- Entries supplied
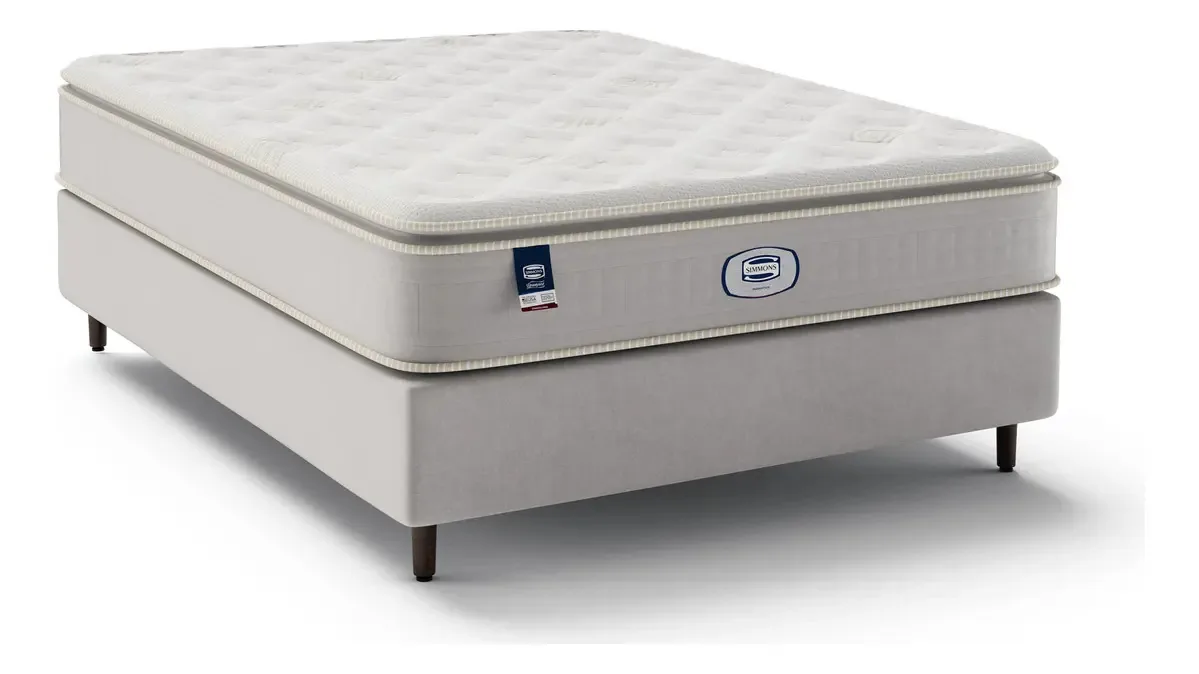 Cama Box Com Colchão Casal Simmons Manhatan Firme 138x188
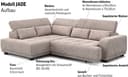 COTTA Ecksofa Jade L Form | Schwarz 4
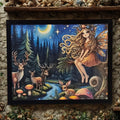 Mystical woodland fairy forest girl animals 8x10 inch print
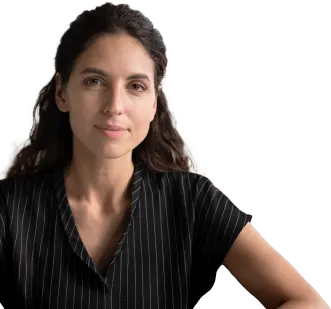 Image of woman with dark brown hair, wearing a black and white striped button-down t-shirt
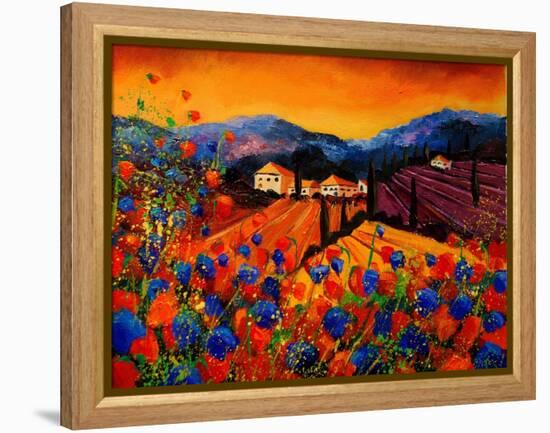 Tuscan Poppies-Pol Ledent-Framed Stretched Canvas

---

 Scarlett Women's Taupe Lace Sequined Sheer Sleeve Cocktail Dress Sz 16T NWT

* * *

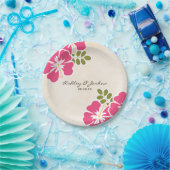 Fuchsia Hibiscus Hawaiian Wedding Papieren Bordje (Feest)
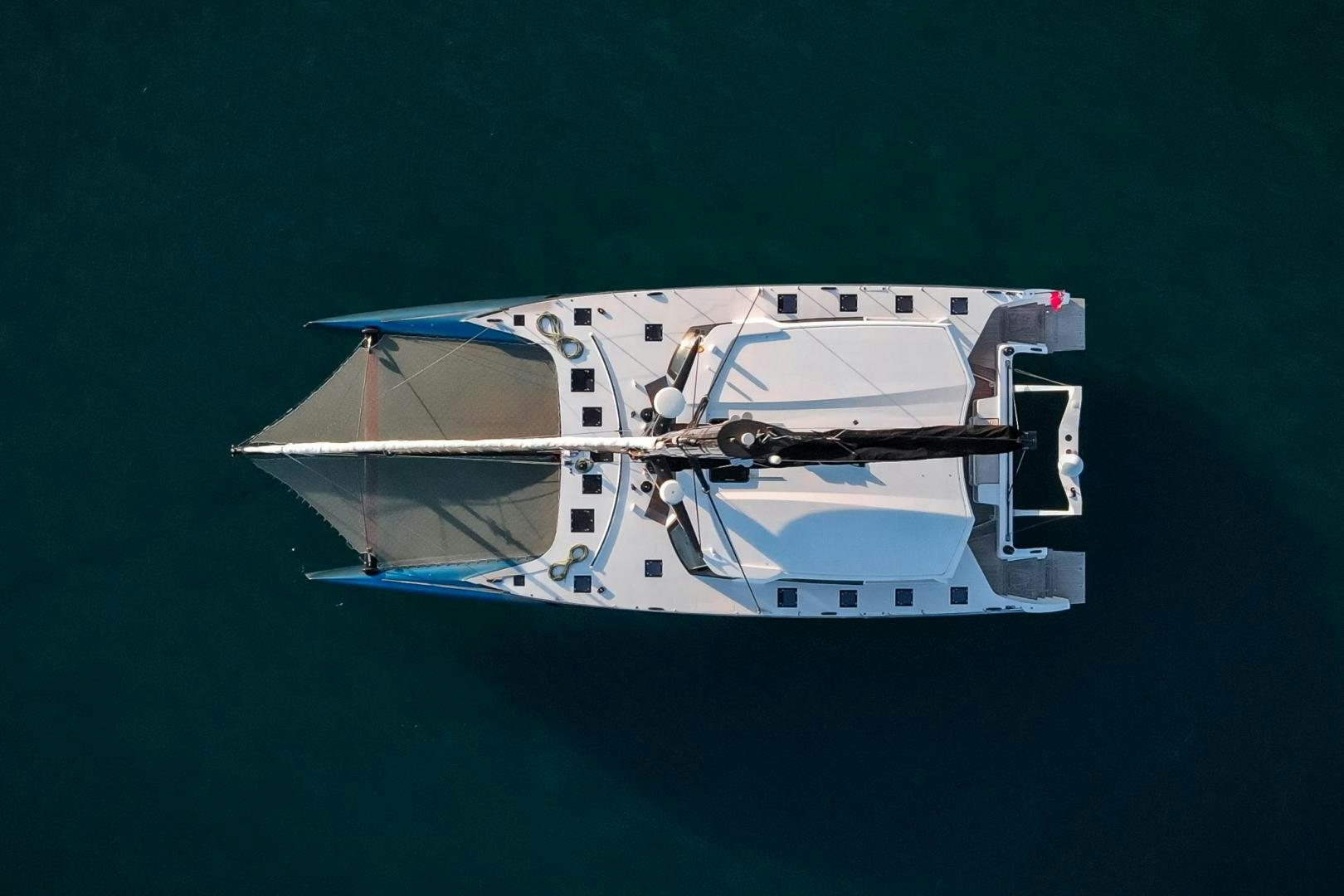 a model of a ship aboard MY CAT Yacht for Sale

- Your task
Find the line with "Cama Box Com" in the entries above. Set down exactly every line from it up to and including the line with "Tuscan Poppies-Pol Ledent-Framed", images excluded.

- The completed task
 Cama Box Com Colchão Casal Simmons Manhatan Firme 138x188
 COTTA Ecksofa Jade L Form | Schwarz 4
 Mystical woodland fairy forest girl animals 8x10 inch print
 Image of woman with dark brown hair, wearing a black and white striped button-down t-shirt
 Tuscan Poppies-Pol Ledent-Framed Stretched Canvas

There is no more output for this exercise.